*Problem details*:
From the listing below, output only the lines starting at the line that has "Uruguaio e ex-jogador" and ending at the line that has "12 قتيلا و30 جريحا بغارات أميركية على صنعاء", exactly as they appear, ends included.

*The records*:

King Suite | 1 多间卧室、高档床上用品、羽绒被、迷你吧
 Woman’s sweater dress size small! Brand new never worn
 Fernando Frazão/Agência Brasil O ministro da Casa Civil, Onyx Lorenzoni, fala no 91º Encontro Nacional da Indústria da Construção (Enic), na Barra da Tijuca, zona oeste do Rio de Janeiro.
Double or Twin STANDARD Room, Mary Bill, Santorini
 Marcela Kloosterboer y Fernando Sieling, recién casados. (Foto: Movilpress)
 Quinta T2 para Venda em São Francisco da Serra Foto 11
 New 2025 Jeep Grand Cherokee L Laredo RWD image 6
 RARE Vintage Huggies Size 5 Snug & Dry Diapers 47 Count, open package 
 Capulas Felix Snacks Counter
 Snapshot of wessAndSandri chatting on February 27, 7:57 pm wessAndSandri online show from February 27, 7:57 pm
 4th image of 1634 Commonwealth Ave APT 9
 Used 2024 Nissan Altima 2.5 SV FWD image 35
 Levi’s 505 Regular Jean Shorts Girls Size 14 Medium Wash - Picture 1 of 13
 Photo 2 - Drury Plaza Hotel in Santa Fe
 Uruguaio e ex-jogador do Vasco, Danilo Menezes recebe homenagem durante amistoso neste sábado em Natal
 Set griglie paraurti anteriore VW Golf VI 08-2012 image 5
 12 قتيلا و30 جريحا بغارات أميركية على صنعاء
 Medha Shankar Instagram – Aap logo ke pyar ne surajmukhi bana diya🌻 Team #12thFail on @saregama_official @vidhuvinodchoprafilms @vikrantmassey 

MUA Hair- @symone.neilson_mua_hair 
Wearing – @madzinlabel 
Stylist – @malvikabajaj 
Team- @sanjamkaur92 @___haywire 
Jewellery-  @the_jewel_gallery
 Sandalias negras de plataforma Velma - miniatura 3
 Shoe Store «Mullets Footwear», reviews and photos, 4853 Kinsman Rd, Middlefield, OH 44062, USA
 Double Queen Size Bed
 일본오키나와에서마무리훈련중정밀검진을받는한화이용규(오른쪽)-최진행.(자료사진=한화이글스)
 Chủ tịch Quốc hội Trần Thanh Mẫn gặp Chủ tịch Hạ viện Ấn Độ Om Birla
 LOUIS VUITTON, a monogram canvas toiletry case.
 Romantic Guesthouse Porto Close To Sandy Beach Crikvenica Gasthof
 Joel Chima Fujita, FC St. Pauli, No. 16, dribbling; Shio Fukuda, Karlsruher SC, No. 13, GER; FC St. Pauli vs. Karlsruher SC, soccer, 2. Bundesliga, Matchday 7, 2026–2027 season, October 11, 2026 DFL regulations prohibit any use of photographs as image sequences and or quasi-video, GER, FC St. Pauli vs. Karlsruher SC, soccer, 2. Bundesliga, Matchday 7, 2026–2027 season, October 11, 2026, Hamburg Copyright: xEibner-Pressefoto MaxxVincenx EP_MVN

*Task answer*:
 Uruguaio e ex-jogador do Vasco, Danilo Menezes recebe homenagem durante amistoso neste sábado em Natal
 Set griglie paraurti anteriore VW Golf VI 08-2012 image 5
 12 قتيلا و30 جريحا بغارات أميركية على صنعاء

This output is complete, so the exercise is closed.